◆ Listed records ◆

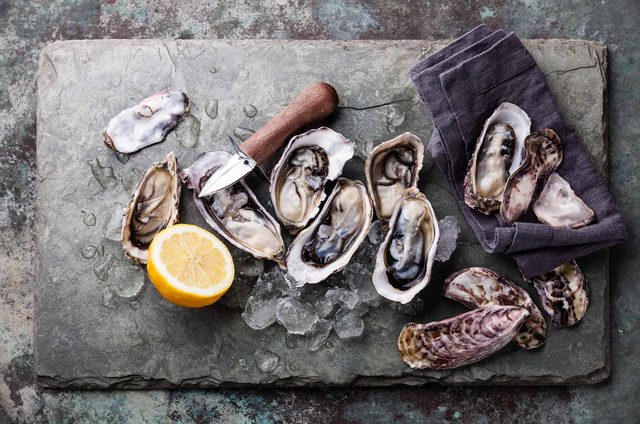 Oysters on cutting board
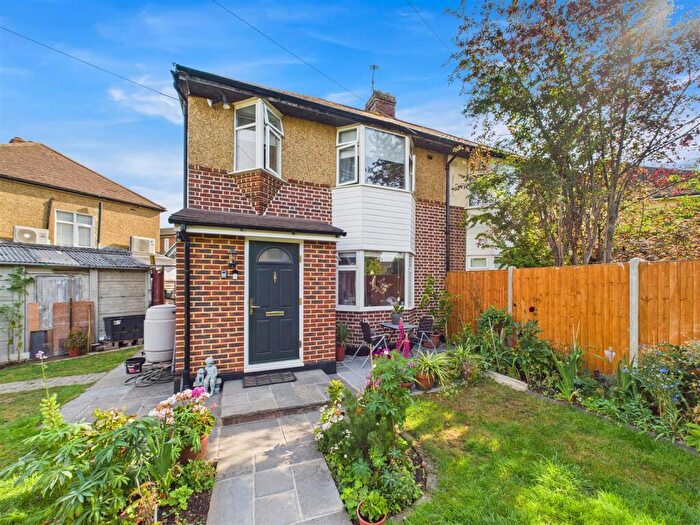3 Bedroom Semi-Detached House For Sale In Down Street, West Molesey, KT8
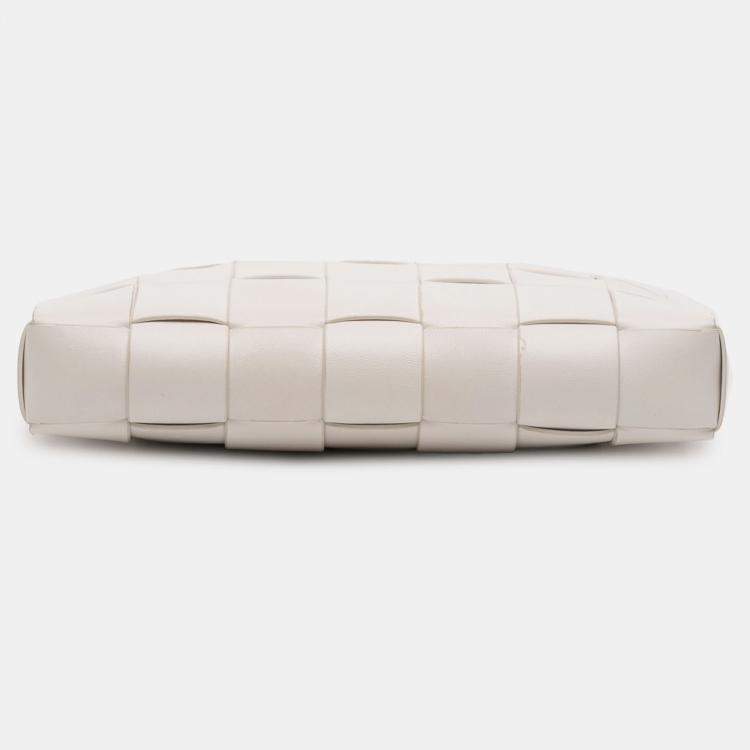 Pre Owned Bottega Veneta White Lambskin Maxi Intrecciato The Snap Clutch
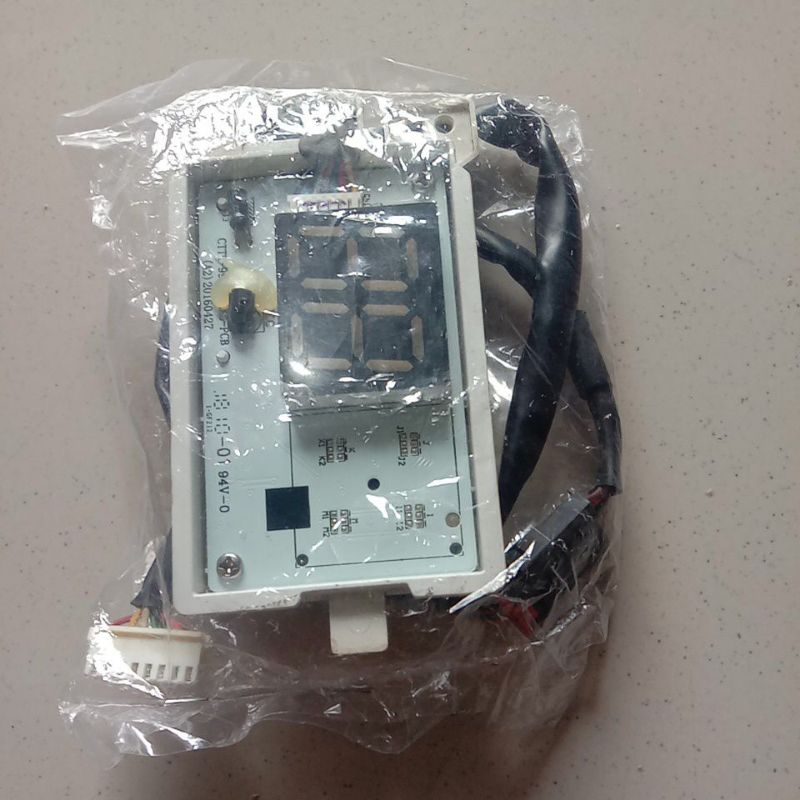 Ir sensor display indoor AC merk Midea model ASW-07A4 FHR1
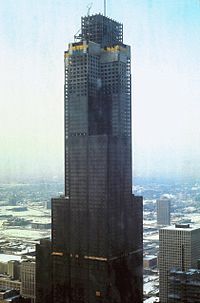 La torre durante su construcción, 1973  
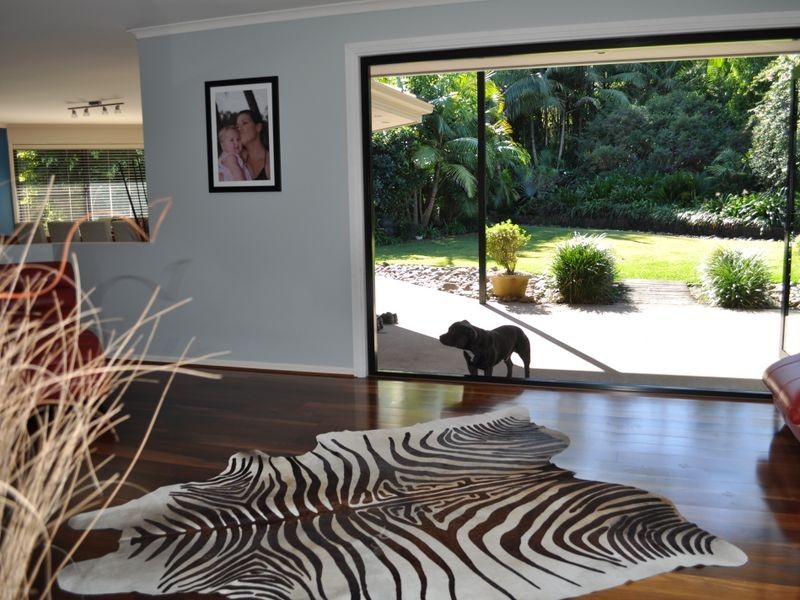 10 Topaz Drive, Emerald Beach NSW 2456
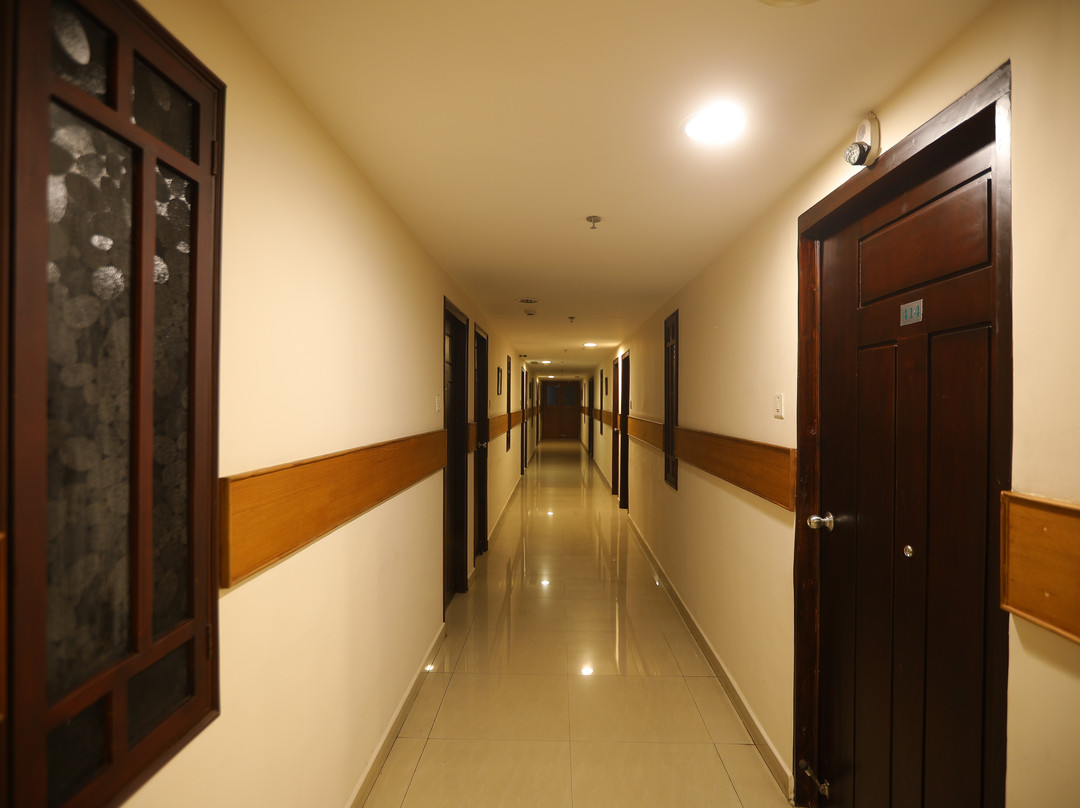 Paray's The Residency主图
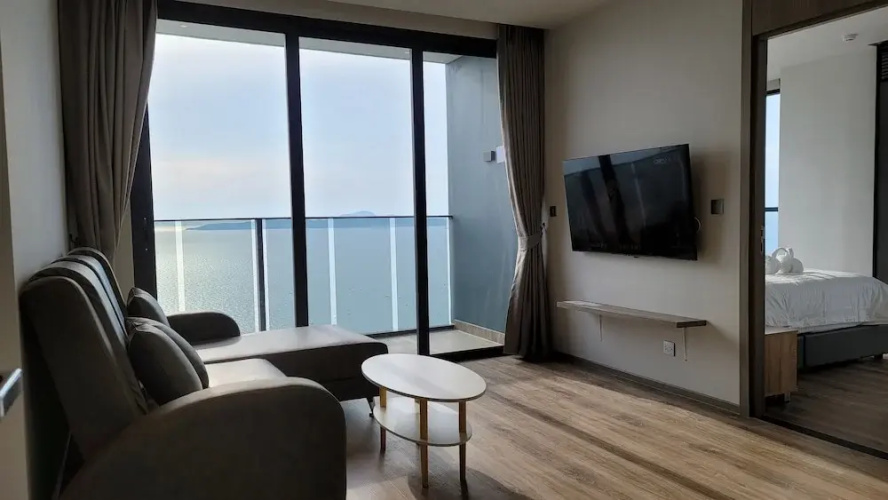 Sea view 253 The Base Central Pattaya
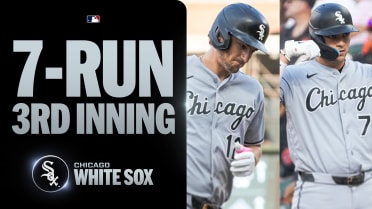 White Sox rack up seven runs in the 3rd inning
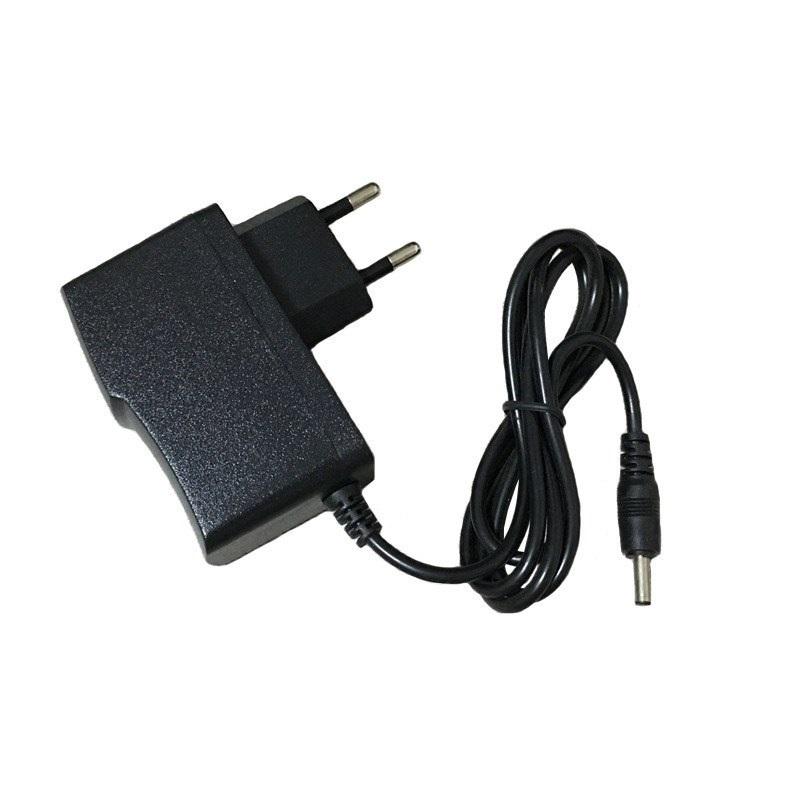 Adapter cấp nguồn cho wifi 5V -1A đen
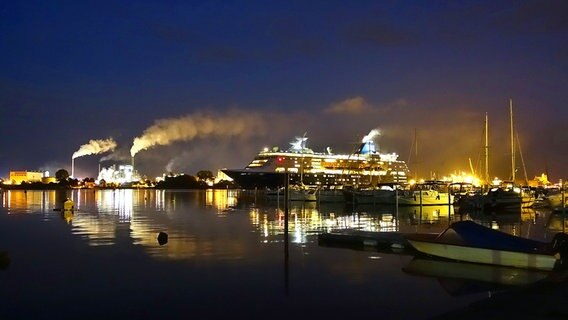 Auslaufendes Kreuzfahrtschiff © NDR Foto: Helmut Kuzina aus Wismar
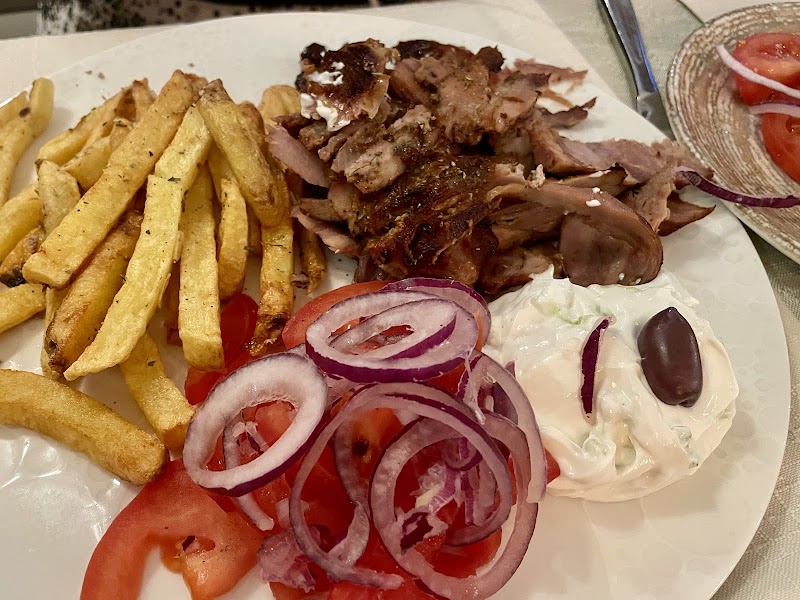 Odysseus Restaurant - Photo 4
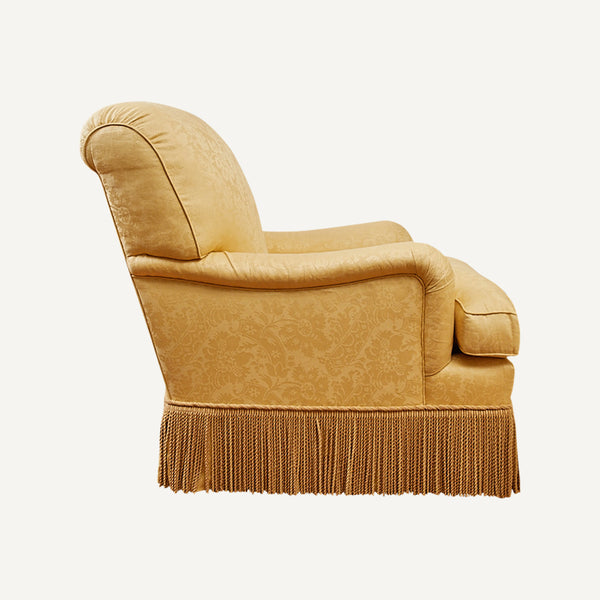 VINTAGE UPHOLSTERED CHAIR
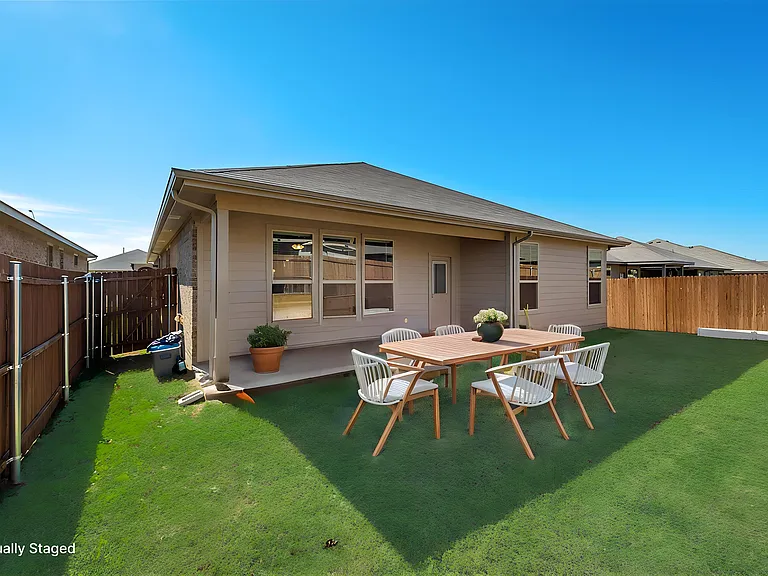 Virtually Staged Back Yard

◆ The task ◆
The expected output is the material above, repeated exactly and free of pictures.

◆ Answer section ◆
 Oysters on cutting board
3 Bedroom Semi-Detached House For Sale In Down Street, West Molesey, KT8
 Pre Owned Bottega Veneta White Lambskin Maxi Intrecciato The Snap Clutch
 Ir sensor display indoor AC merk Midea model ASW-07A4 FHR1
 La torre durante su construcción, 1973  
 10 Topaz Drive, Emerald Beach NSW 2456
 Paray's The Residency主图
 Sea view 253 The Base Central Pattaya
 White Sox rack up seven runs in the 3rd inning
 Adapter cấp nguồn cho wifi 5V -1A đen
 Auslaufendes Kreuzfahrtschiff © NDR Foto: Helmut Kuzina aus Wismar
 Odysseus Restaurant - Photo 4
 VINTAGE UPHOLSTERED CHAIR
 Virtually Staged Back Yard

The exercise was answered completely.